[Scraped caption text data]
◇ ◇ ◇
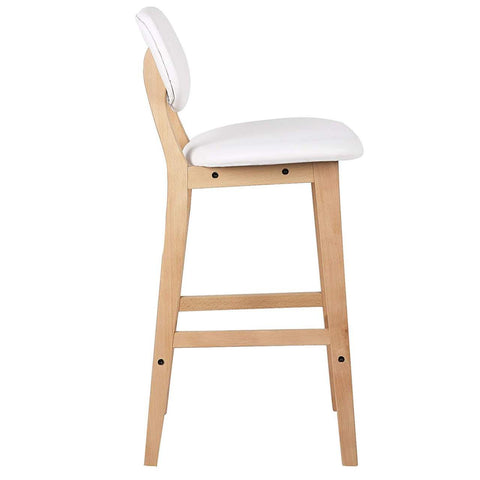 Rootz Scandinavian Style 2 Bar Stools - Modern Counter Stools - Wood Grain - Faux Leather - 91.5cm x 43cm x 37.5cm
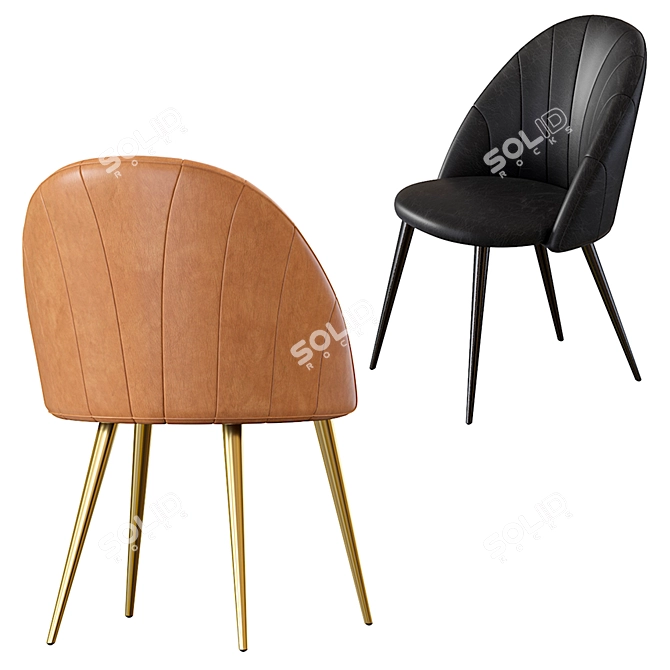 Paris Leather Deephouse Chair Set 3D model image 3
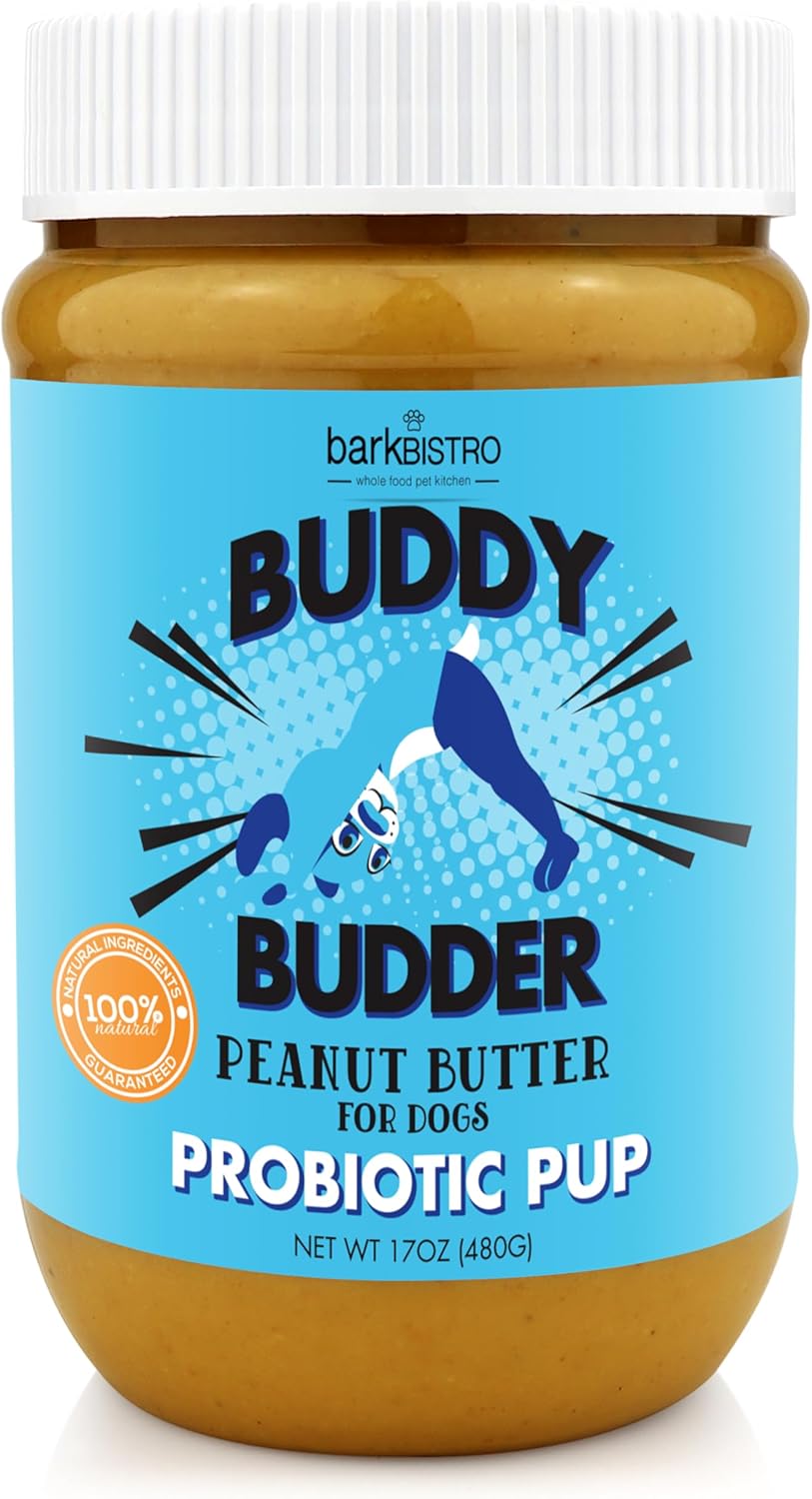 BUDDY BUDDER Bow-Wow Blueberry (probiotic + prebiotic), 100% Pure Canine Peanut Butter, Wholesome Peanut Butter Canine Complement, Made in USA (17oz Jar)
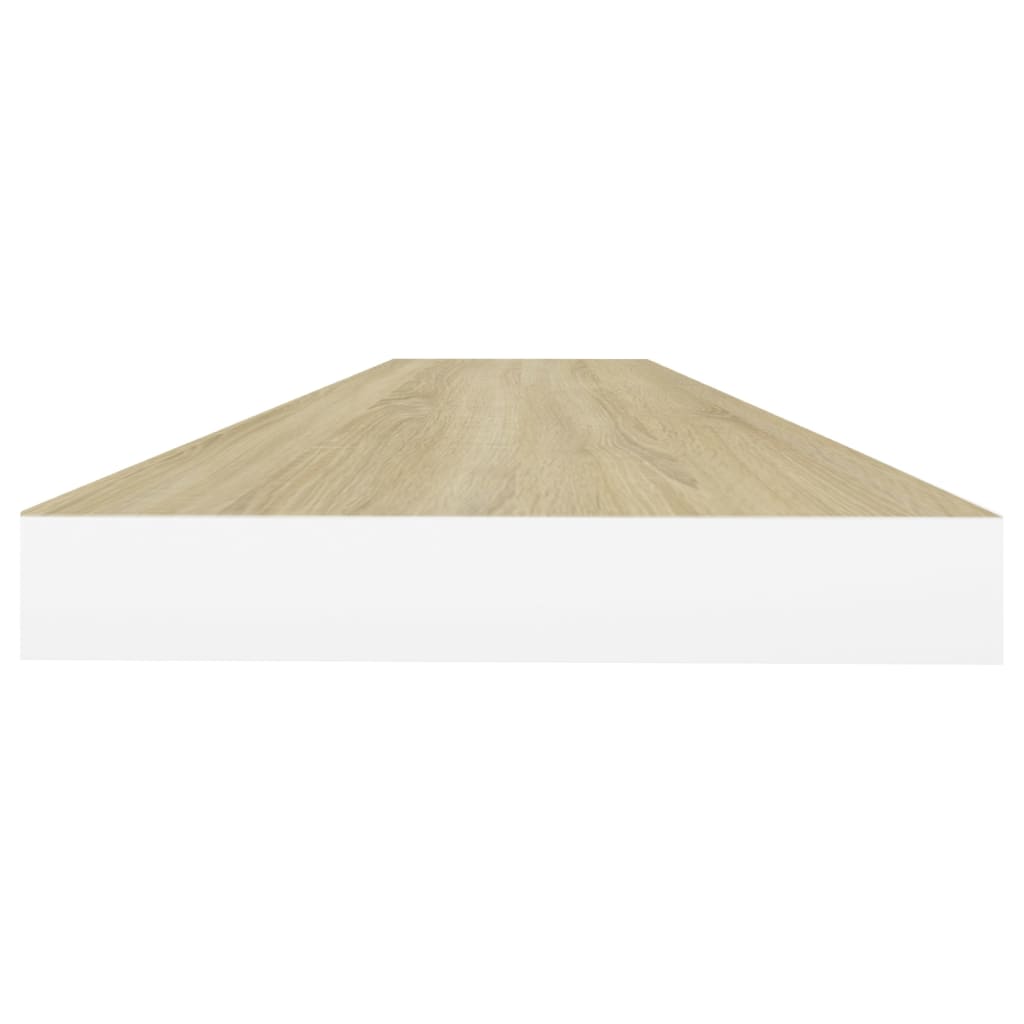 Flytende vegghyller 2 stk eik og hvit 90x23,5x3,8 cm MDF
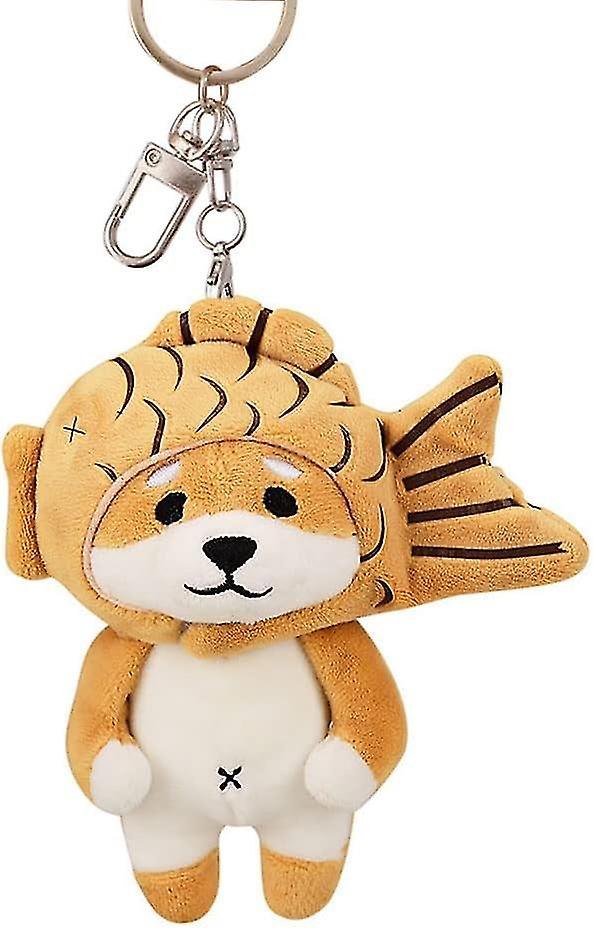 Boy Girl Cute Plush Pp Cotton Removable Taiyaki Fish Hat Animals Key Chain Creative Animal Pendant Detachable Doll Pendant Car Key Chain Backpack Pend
◇ ◇ ◇
WHAT YOU HAVE TO DO
What you return must match the lines from the top of the data through the line with "Flytende vegghyller 2" exactly, with the pictures removed.

EXERCISE RESPONSE
 Rootz Scandinavian Style 2 Bar Stools - Modern Counter Stools - Wood Grain - Faux Leather - 91.5cm x 43cm x 37.5cm
 Paris Leather Deephouse Chair Set 3D model image 3
 BUDDY BUDDER Bow-Wow Blueberry (probiotic + prebiotic), 100% Pure Canine Peanut Butter, Wholesome Peanut Butter Canine Complement, Made in USA (17oz Jar)
 Flytende vegghyller 2 stk eik og hvit 90x23,5x3,8 cm MDF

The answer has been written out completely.